STATE COLLEGE, Pa. — Severe thunderstorms will ride over the northern rim of heat expanding into the Midwest and the Northeast.

A storm system shifting eastward across the northern Plains will produce a trigger for the storms, while the hot, muggy air will act as the fuel.

Communities from northern Minnesota to western New York and western Pennsylvania are going to lie in the path of the dangerous storms.

Duluth, Minn., Marquette and Alpena, Mich., and Erie and Pittsburgh, Pa., are among the cities and towns at risk for getting hit by violent thunderstorms today.

The threat for western New York, western Pennsylvania and eastern Ohio will mainly be through the first part of the day. A complex of strong storms over southern Ontario, Canada, early Tuesday morning will follow steering flow into these areas.

Damaging wind gusts over 60 mph and large hail will be concerns of the severe storms both in the Northeast and Midwest. The winds will be capable of knocking down trees and power lines, potentially causing damage to homes and vehicles and cutting power to some areas. The largest hail, up to the size of golf balls, could dent cars and break windows.

A few of the strongest thunderstorms could spawn tornadoes.
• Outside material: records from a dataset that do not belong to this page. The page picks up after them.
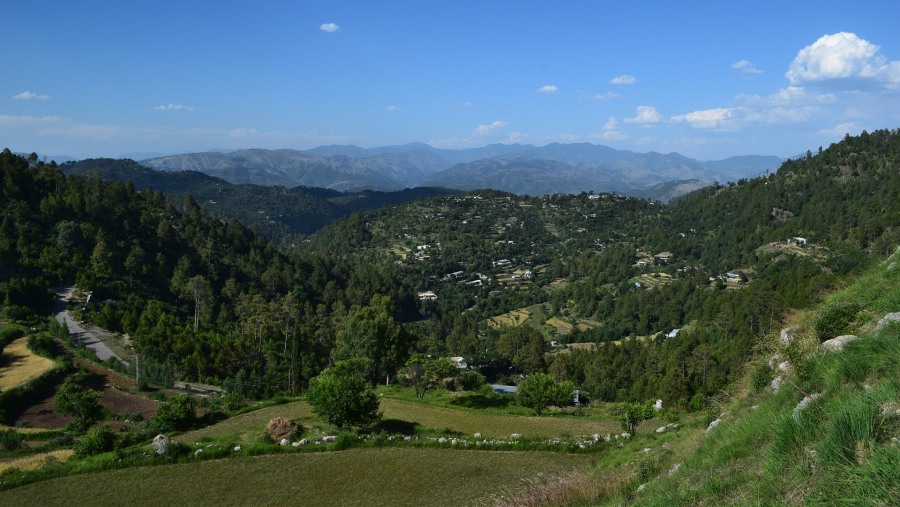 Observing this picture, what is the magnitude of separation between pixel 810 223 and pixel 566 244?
70996 millimetres

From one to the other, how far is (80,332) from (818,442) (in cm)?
5524

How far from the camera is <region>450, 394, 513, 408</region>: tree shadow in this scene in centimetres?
3023

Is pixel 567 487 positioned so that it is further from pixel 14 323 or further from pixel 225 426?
pixel 14 323

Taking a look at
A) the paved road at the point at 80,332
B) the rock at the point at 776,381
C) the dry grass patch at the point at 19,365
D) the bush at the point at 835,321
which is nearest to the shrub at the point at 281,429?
the rock at the point at 776,381

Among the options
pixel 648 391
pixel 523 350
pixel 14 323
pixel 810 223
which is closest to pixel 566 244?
pixel 810 223

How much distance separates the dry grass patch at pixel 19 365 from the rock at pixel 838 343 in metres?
39.2

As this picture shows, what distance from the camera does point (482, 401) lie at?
30.9 meters

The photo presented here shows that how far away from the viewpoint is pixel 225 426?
77.2ft

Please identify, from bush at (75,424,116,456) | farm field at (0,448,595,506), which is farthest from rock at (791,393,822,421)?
bush at (75,424,116,456)

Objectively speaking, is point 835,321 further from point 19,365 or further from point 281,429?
point 19,365

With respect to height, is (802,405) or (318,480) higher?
(802,405)

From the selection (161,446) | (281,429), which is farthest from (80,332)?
(281,429)

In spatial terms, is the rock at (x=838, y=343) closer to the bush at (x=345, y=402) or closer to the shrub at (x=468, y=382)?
the bush at (x=345, y=402)

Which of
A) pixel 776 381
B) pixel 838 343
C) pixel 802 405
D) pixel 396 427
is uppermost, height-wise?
pixel 838 343
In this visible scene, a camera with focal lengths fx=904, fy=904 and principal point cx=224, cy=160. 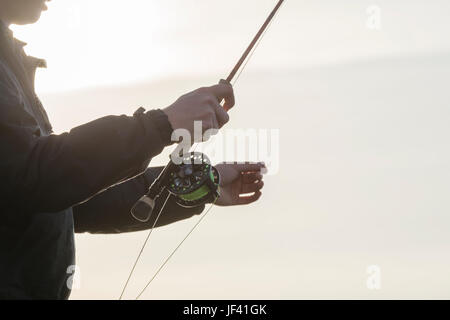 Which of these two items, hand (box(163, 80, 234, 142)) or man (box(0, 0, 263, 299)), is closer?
man (box(0, 0, 263, 299))

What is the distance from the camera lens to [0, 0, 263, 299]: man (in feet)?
11.0

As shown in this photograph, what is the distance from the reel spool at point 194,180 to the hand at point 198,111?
56 centimetres

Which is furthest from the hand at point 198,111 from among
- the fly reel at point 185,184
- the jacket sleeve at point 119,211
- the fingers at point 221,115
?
the jacket sleeve at point 119,211

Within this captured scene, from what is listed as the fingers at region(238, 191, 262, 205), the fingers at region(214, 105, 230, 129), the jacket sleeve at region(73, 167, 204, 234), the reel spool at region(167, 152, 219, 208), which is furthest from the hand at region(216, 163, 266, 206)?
the fingers at region(214, 105, 230, 129)

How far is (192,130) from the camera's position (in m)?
3.46

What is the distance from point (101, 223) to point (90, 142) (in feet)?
5.31

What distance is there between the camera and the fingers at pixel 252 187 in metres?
5.03

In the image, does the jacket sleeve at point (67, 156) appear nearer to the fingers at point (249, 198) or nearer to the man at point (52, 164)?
the man at point (52, 164)

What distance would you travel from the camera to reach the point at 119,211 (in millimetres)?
4961

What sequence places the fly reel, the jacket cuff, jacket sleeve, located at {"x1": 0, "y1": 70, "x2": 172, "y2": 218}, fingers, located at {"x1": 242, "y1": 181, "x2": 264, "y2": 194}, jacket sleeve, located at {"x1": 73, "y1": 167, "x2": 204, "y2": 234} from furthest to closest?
fingers, located at {"x1": 242, "y1": 181, "x2": 264, "y2": 194}
jacket sleeve, located at {"x1": 73, "y1": 167, "x2": 204, "y2": 234}
the fly reel
the jacket cuff
jacket sleeve, located at {"x1": 0, "y1": 70, "x2": 172, "y2": 218}

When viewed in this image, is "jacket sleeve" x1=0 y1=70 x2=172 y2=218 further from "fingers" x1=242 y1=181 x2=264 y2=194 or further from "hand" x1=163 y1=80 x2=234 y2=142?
"fingers" x1=242 y1=181 x2=264 y2=194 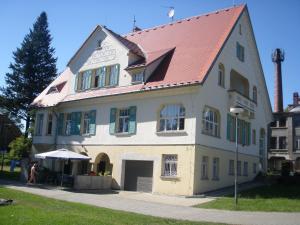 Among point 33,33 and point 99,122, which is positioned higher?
point 33,33

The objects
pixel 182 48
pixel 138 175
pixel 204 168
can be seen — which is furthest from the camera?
pixel 182 48

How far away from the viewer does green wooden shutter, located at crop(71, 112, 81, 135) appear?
29.8m

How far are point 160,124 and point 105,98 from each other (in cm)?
520

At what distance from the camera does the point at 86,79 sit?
30484mm

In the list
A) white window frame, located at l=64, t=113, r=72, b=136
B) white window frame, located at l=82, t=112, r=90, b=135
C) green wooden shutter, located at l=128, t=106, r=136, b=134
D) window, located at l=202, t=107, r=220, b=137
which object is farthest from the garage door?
white window frame, located at l=64, t=113, r=72, b=136

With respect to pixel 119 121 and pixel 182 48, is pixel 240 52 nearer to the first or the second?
pixel 182 48

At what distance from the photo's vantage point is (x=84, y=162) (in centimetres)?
2919

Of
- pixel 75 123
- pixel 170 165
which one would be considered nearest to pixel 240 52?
pixel 170 165

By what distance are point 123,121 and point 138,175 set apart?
155 inches

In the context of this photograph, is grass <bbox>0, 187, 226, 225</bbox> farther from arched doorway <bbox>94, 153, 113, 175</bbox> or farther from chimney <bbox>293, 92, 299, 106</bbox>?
chimney <bbox>293, 92, 299, 106</bbox>

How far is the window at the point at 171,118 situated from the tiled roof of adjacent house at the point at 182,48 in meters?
1.51

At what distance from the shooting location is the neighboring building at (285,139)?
56.0 m

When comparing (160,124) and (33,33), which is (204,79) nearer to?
(160,124)

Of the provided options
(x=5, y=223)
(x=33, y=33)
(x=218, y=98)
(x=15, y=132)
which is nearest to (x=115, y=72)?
(x=218, y=98) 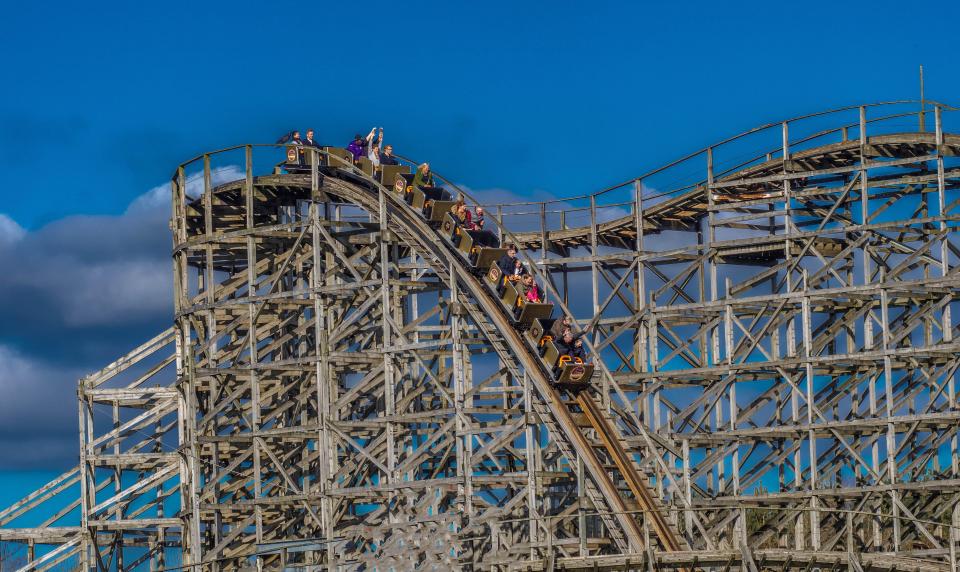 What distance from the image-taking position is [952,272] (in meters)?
37.0

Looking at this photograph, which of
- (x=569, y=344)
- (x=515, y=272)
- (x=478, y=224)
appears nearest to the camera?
(x=569, y=344)

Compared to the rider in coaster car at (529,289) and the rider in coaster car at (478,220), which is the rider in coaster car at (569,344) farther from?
the rider in coaster car at (478,220)

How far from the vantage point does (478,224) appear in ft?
130

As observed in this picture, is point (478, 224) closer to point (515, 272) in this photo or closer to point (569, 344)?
point (515, 272)

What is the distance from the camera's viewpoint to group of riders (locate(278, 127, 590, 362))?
116 ft

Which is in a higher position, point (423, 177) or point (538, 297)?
point (423, 177)

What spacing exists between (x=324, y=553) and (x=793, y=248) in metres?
11.3

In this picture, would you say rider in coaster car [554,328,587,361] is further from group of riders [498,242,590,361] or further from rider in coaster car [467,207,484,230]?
rider in coaster car [467,207,484,230]

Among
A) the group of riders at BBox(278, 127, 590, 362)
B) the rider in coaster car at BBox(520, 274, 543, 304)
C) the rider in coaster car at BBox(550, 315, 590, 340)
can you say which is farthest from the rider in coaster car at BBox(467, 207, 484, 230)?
the rider in coaster car at BBox(550, 315, 590, 340)

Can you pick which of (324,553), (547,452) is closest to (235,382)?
(324,553)

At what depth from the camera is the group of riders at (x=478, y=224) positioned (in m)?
35.4

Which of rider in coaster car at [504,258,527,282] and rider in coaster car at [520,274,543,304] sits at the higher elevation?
rider in coaster car at [504,258,527,282]

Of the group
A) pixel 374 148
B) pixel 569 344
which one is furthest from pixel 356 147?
pixel 569 344

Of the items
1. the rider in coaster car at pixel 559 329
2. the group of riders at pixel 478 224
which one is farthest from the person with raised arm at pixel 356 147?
the rider in coaster car at pixel 559 329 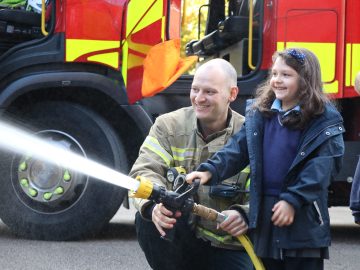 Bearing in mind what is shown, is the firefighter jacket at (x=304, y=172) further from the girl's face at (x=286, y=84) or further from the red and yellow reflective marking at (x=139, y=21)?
the red and yellow reflective marking at (x=139, y=21)

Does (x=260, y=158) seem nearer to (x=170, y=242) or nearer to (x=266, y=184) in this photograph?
(x=266, y=184)

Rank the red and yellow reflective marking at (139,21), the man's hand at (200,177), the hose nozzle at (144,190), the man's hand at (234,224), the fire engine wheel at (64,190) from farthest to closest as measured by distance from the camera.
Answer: the fire engine wheel at (64,190)
the red and yellow reflective marking at (139,21)
the man's hand at (234,224)
the man's hand at (200,177)
the hose nozzle at (144,190)

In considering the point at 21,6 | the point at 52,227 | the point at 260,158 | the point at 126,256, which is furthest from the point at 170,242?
the point at 21,6

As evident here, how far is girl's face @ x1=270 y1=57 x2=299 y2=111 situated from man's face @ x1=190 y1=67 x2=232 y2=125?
275mm

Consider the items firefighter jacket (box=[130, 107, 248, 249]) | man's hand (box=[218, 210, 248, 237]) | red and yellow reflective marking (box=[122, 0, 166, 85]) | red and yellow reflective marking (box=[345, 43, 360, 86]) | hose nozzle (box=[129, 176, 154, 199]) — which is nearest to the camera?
hose nozzle (box=[129, 176, 154, 199])

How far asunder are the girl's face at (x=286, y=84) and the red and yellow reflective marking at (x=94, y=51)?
2.95m

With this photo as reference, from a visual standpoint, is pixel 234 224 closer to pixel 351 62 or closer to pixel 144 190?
pixel 144 190

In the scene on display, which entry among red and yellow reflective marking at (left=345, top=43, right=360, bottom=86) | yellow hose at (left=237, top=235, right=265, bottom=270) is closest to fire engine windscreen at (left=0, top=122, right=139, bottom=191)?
red and yellow reflective marking at (left=345, top=43, right=360, bottom=86)

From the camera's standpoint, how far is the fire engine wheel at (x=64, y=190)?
6.88m

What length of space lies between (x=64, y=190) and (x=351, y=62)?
7.26ft

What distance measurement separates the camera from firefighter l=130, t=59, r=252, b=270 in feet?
13.5

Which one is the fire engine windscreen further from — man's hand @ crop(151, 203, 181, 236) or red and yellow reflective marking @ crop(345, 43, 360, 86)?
man's hand @ crop(151, 203, 181, 236)

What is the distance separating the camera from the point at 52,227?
22.6 feet

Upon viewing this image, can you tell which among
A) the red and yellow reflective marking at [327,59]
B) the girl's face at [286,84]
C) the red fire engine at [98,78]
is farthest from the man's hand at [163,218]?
the red and yellow reflective marking at [327,59] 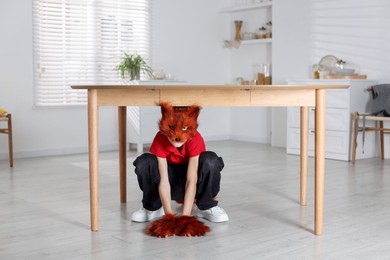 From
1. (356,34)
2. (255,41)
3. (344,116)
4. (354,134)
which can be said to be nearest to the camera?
(354,134)

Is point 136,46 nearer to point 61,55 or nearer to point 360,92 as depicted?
point 61,55

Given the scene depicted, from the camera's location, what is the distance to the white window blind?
5.98m

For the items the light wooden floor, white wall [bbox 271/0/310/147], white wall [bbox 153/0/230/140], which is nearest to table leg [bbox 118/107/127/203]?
the light wooden floor

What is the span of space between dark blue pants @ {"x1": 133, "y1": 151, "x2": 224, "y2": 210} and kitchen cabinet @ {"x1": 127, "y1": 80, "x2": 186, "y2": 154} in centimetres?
317

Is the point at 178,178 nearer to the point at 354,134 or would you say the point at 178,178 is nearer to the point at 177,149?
the point at 177,149

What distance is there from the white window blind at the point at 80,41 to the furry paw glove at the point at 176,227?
3604 mm

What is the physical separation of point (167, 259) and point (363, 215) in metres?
1.36

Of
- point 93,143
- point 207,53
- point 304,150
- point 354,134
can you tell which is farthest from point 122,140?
point 207,53

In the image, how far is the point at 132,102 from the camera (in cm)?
270

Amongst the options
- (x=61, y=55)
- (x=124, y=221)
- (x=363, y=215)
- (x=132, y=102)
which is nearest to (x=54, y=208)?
(x=124, y=221)

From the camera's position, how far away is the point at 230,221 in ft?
9.93

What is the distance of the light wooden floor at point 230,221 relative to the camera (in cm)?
250

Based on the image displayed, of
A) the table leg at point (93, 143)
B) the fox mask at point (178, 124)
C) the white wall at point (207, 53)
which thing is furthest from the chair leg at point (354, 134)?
the table leg at point (93, 143)

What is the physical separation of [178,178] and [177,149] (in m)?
0.19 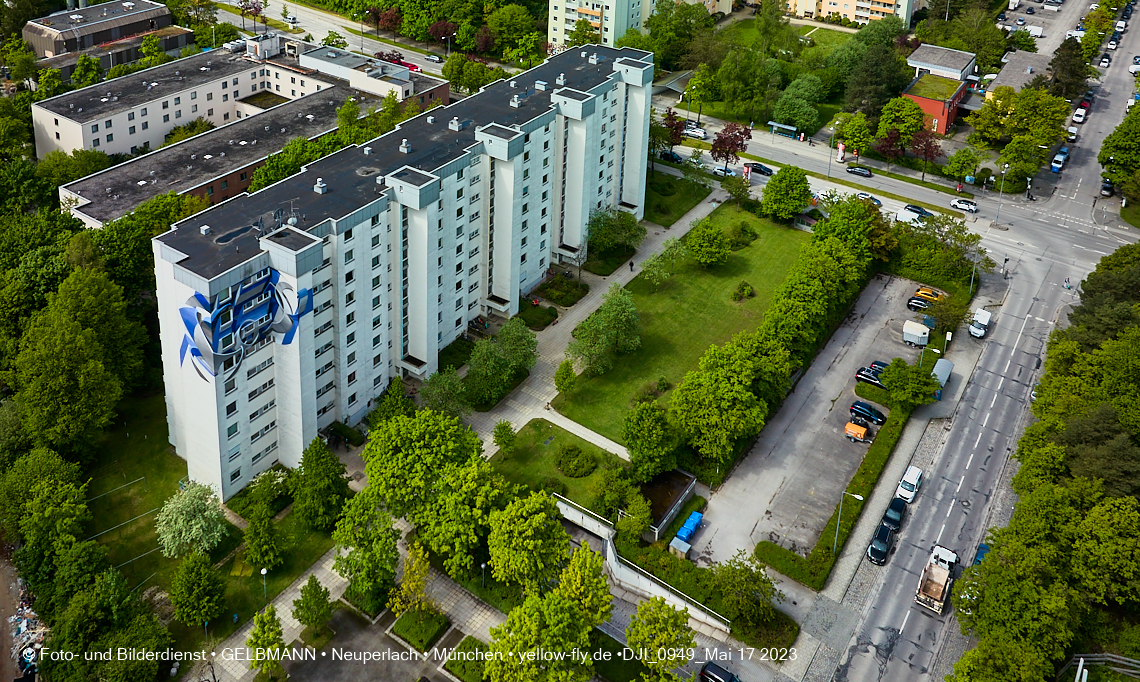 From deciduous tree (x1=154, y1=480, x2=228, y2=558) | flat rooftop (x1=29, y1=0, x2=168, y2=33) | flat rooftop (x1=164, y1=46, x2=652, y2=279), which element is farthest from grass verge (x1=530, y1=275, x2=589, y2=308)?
flat rooftop (x1=29, y1=0, x2=168, y2=33)

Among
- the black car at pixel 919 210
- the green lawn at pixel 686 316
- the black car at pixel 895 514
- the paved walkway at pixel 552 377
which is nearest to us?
the black car at pixel 895 514

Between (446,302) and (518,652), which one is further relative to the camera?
(446,302)

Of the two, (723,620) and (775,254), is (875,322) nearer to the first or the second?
(775,254)

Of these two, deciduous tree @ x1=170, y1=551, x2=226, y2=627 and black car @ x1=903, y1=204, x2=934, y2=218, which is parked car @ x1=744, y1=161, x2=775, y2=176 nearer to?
black car @ x1=903, y1=204, x2=934, y2=218

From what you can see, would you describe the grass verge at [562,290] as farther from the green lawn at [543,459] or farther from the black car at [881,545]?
the black car at [881,545]

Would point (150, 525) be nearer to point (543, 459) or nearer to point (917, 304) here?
point (543, 459)

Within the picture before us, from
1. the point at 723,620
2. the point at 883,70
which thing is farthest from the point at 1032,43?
the point at 723,620

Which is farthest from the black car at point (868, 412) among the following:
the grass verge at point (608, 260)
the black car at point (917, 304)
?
the grass verge at point (608, 260) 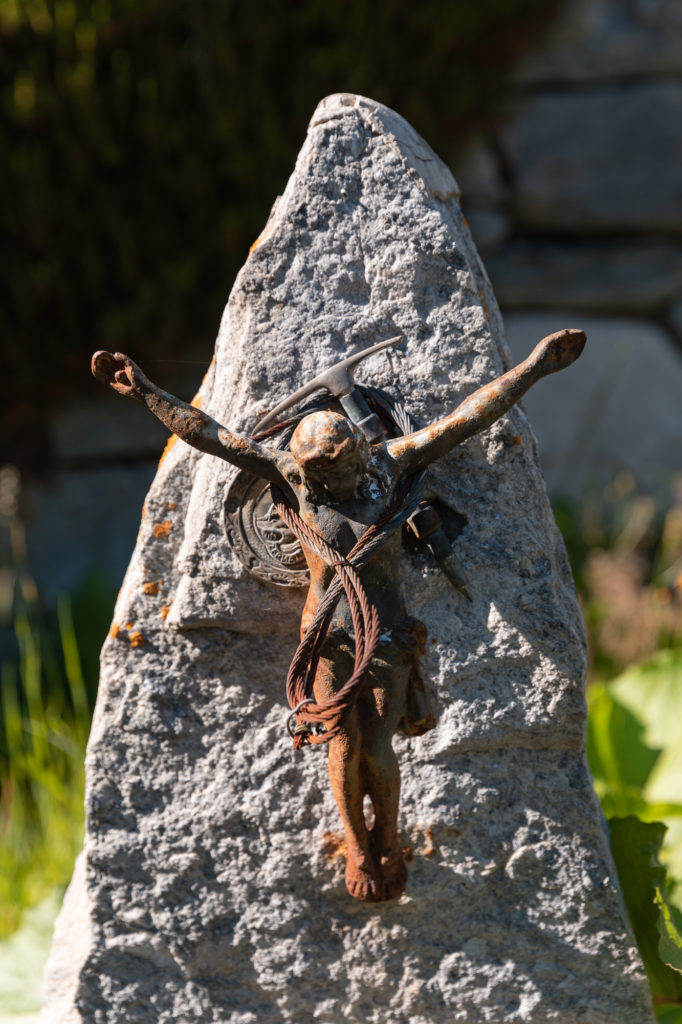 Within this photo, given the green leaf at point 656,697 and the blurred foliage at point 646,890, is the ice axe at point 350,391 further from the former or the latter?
the green leaf at point 656,697

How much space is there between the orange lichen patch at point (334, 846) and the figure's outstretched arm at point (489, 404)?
544 mm

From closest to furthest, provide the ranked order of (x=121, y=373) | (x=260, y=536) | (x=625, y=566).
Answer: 1. (x=121, y=373)
2. (x=260, y=536)
3. (x=625, y=566)

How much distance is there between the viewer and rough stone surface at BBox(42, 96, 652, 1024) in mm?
1208

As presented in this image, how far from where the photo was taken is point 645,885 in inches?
53.8

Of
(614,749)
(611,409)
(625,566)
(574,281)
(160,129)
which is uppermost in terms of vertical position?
(160,129)

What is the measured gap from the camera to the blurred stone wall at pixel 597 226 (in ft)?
11.7

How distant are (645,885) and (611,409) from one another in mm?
2623

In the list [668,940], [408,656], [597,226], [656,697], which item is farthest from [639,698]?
[597,226]

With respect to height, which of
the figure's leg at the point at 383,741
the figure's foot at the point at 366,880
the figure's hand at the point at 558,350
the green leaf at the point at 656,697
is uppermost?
the figure's hand at the point at 558,350

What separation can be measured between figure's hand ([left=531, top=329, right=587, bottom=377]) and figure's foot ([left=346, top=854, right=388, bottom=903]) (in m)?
0.67

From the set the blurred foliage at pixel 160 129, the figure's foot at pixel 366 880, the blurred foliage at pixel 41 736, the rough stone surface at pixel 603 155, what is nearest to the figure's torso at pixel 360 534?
the figure's foot at pixel 366 880

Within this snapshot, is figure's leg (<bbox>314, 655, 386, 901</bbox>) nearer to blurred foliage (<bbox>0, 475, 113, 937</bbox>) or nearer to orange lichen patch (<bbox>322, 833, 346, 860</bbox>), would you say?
orange lichen patch (<bbox>322, 833, 346, 860</bbox>)

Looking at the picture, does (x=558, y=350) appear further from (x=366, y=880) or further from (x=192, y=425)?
(x=366, y=880)

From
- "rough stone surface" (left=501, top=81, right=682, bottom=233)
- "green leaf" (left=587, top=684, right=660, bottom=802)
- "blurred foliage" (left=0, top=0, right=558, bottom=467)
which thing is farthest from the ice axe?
"rough stone surface" (left=501, top=81, right=682, bottom=233) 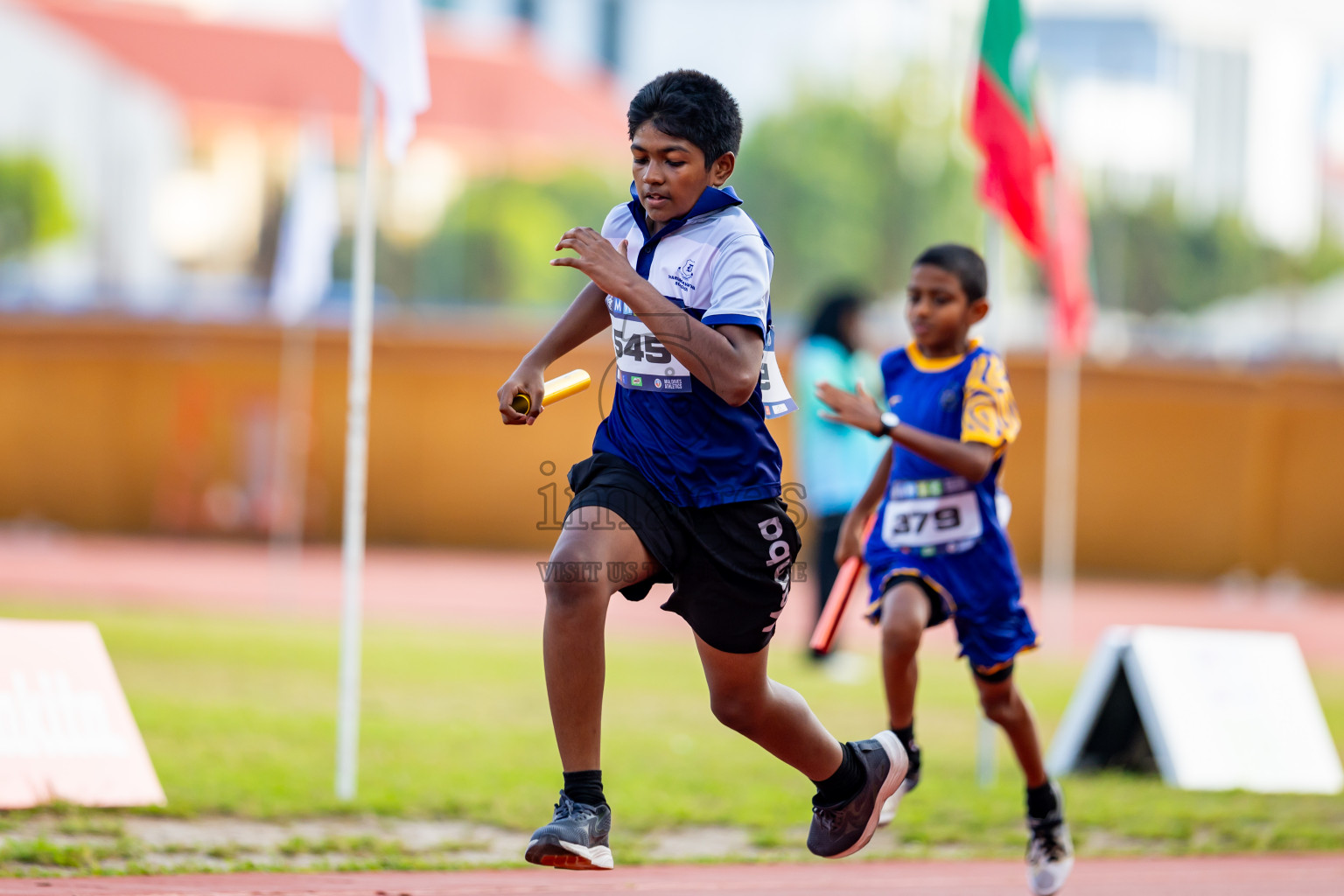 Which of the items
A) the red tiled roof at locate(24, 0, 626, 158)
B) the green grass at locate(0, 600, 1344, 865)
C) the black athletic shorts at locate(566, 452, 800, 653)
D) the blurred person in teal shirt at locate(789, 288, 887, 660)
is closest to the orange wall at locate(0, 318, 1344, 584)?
the red tiled roof at locate(24, 0, 626, 158)

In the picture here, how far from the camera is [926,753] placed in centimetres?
791

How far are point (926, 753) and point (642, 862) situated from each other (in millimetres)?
3032

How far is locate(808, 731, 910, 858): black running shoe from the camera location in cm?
407

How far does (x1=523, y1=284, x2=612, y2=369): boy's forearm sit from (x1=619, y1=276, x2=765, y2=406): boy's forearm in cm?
43

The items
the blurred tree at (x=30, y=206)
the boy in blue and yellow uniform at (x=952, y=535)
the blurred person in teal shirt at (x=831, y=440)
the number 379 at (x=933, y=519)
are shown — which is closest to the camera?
the boy in blue and yellow uniform at (x=952, y=535)

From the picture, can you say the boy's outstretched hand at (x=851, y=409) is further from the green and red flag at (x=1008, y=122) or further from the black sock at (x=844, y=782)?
the green and red flag at (x=1008, y=122)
Northern Minnesota into extreme northern Wisconsin and the Upper Peninsula of Michigan will have the greatest threat for twisters, mainly later in the day. The higher tornado threat will be due to the fact that there will be weaker southerly winds at the surface and strong west-southwest winds high in the atmosphere. This will set the stage for a strong rotation in the storms.

Overnight, the threat for nasty storms will be finished for southern Ontario, Canada, and the Northeast. Farther west, severe storms could continue well into the night across eastern Minnesota, northern and central Wisconsin and northern Michigan.

Gulf Coast Severe Threat

Hot and muggy weather and daytime heating will allow another round of severe afternoon storms near the Gulf Coast.

Houston, Texas, New Orleans, La., and Mobile, Ala., may get rattled by damaging storms. Strong wind gusts and large hail will be the primary threats of these storms.